Exercise goal -> Everything in the listing below from the line containing "USA . Fotosearch" through the line containing "May include: White" must be repeated exactly; the remaining lines are not wanted.

=====

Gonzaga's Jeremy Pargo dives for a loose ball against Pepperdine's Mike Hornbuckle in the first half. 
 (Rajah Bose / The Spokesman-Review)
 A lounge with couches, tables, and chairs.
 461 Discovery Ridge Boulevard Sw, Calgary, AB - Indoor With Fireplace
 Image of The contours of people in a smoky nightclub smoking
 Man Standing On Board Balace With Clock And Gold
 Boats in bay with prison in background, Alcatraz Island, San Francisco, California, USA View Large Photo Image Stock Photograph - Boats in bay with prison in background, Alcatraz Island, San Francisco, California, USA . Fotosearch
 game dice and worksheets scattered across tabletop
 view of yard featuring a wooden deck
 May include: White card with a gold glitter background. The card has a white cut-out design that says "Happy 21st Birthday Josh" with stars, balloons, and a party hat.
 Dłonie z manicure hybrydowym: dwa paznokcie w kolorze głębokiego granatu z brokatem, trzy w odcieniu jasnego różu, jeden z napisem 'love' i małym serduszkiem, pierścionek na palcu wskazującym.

=====

Task output ->
 Boats in bay with prison in background, Alcatraz Island, San Francisco, California, USA View Large Photo Image Stock Photograph - Boats in bay with prison in background, Alcatraz Island, San Francisco, California, USA . Fotosearch
 game dice and worksheets scattered across tabletop
 view of yard featuring a wooden deck
 May include: White card with a gold glitter background. The card has a white cut-out design that says "Happy 21st Birthday Josh" with stars, balloons, and a party hat.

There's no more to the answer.